**About this exercise:**
Only the lines from the one that includes "Kołpaki do samochodu" through the last line below belong in the reply, copied exactly and without pictures.

[Short descriptive text snippets]
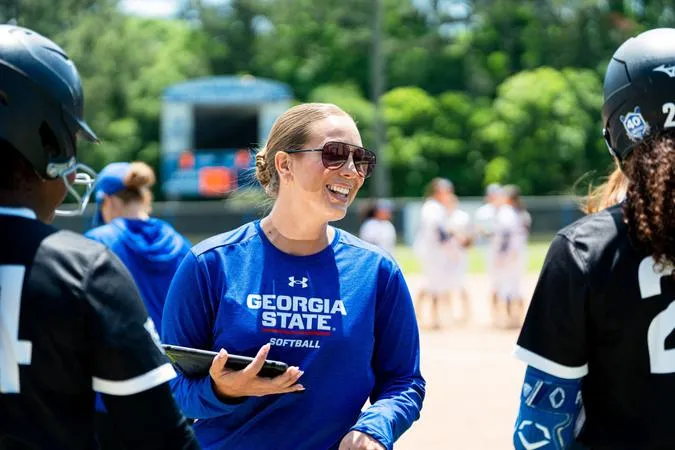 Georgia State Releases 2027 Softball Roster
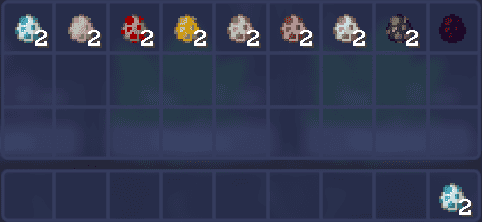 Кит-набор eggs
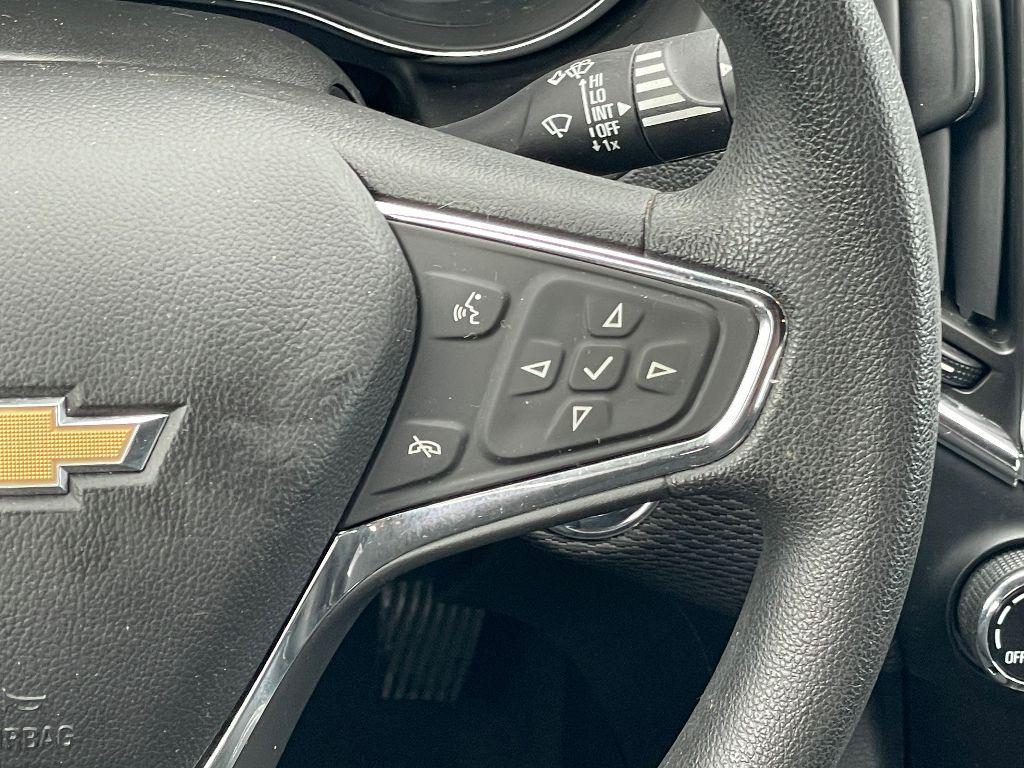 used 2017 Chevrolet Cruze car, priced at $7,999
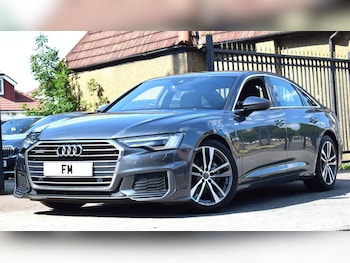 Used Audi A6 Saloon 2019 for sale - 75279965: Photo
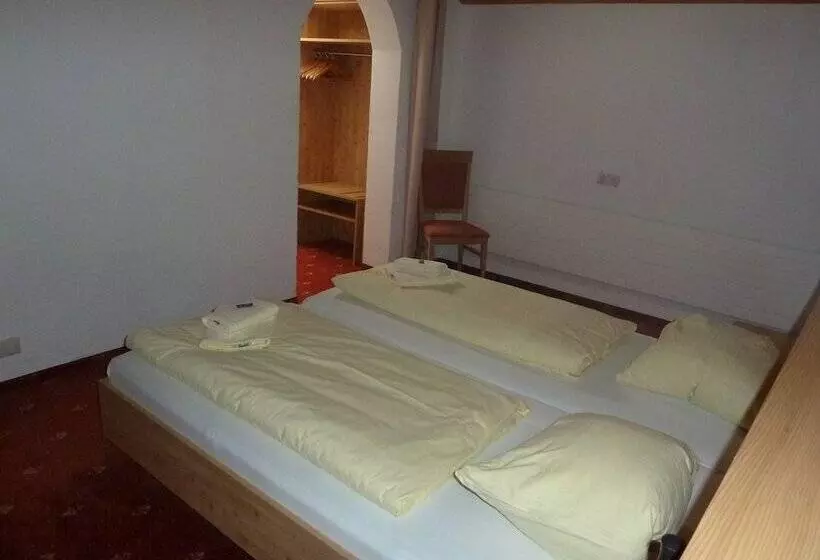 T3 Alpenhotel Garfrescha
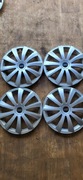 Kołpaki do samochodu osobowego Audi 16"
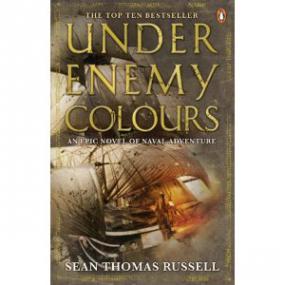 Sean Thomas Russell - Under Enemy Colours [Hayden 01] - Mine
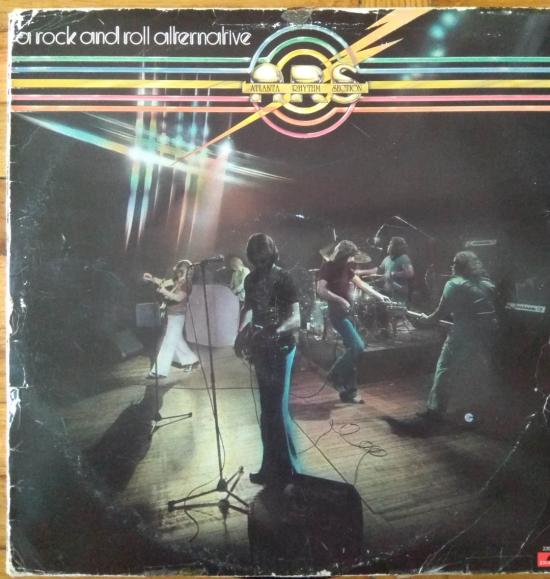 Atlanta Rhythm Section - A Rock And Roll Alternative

**Answer box:**
 Kołpaki do samochodu osobowego Audi 16"
 Sean Thomas Russell - Under Enemy Colours [Hayden 01] - Mine
 Atlanta Rhythm Section - A Rock And Roll Alternative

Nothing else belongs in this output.